**Exercise aim**
The copy you give must match the listing below exactly and contain no pictures.

**Source material**
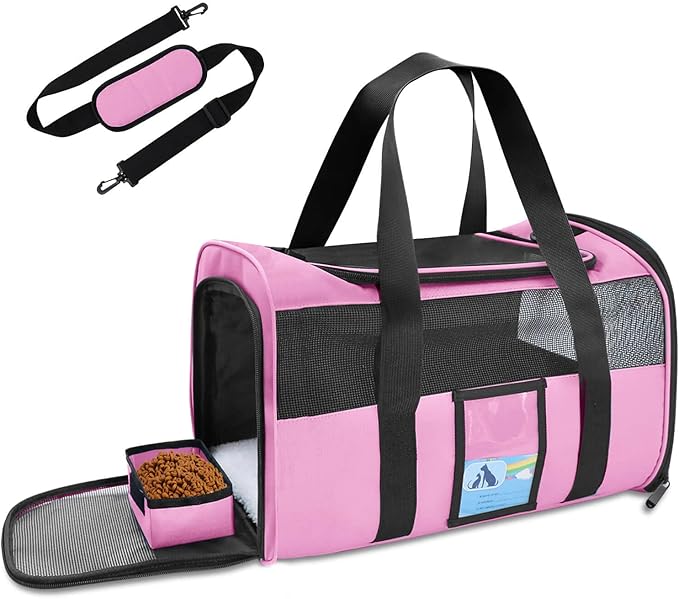 Refrze Pet Carrier Airline Approved, Cat Carriers for Medium Cats Small Cats, Soft Dog Carriers for Small Dogs Medium Dogs, TSA Approved Pet Carrier for Cats Dogs of 15 Lbs, Puppy Carrier,Pink - PAWPICO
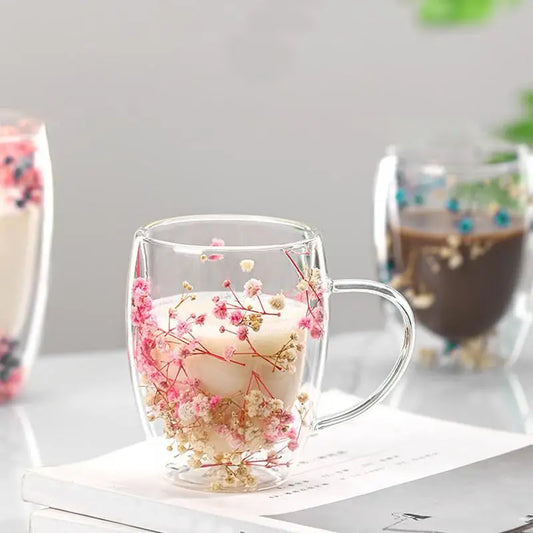 Liora Glass Coffee Mug Double Layer Insulated 350ml Floral Design - OutfitLondon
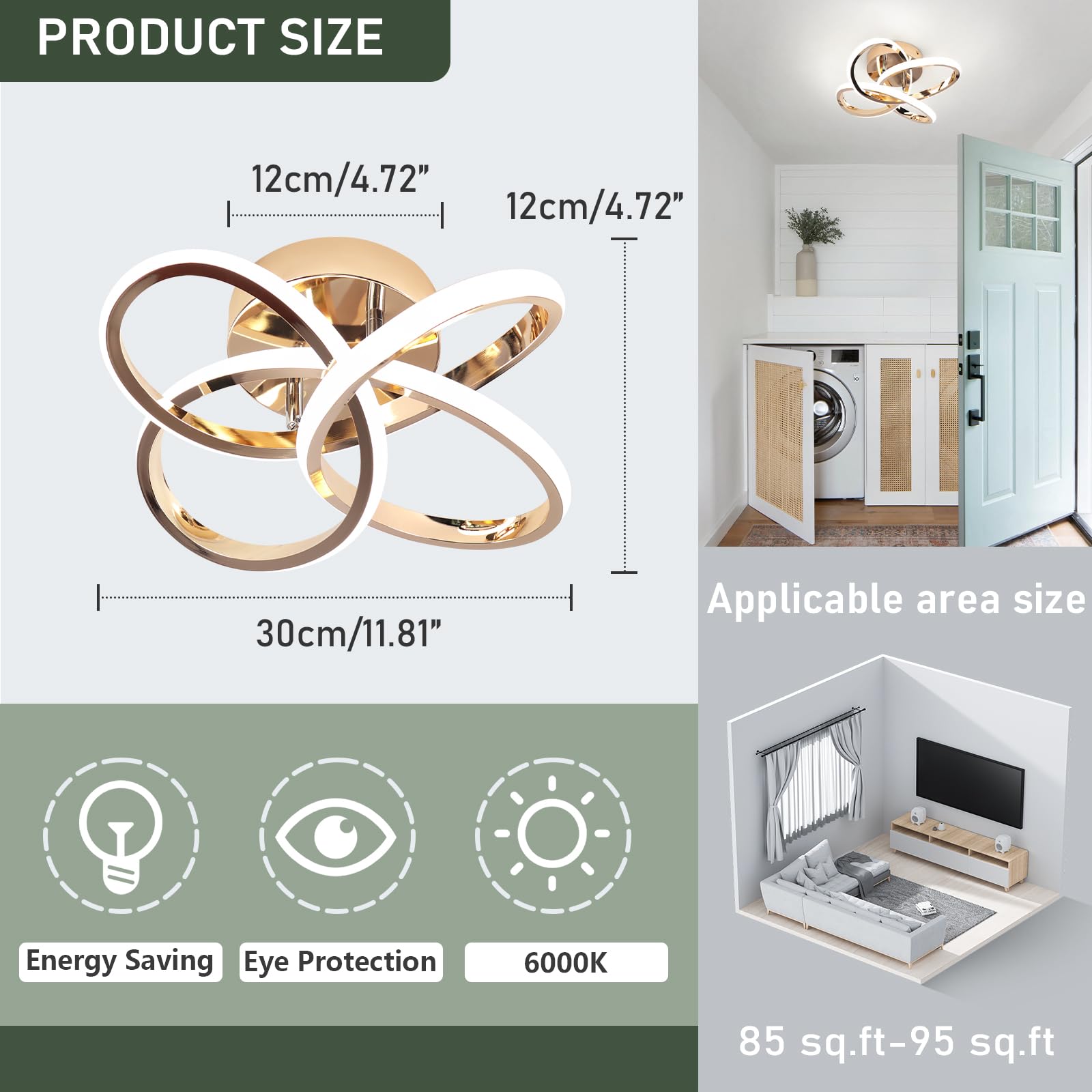 Caneoe Modern Hallway Light Fixtures, 6000K Modern Led Ceiling Light For Hallway, Small Close To Ceiling Lamp For Hallway Corrid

**Exercise output**
 Refrze Pet Carrier Airline Approved, Cat Carriers for Medium Cats Small Cats, Soft Dog Carriers for Small Dogs Medium Dogs, TSA Approved Pet Carrier for Cats Dogs of 15 Lbs, Puppy Carrier,Pink - PAWPICO
 Liora Glass Coffee Mug Double Layer Insulated 350ml Floral Design - OutfitLondon
 Caneoe Modern Hallway Light Fixtures, 6000K Modern Led Ceiling Light For Hallway, Small Close To Ceiling Lamp For Hallway Corrid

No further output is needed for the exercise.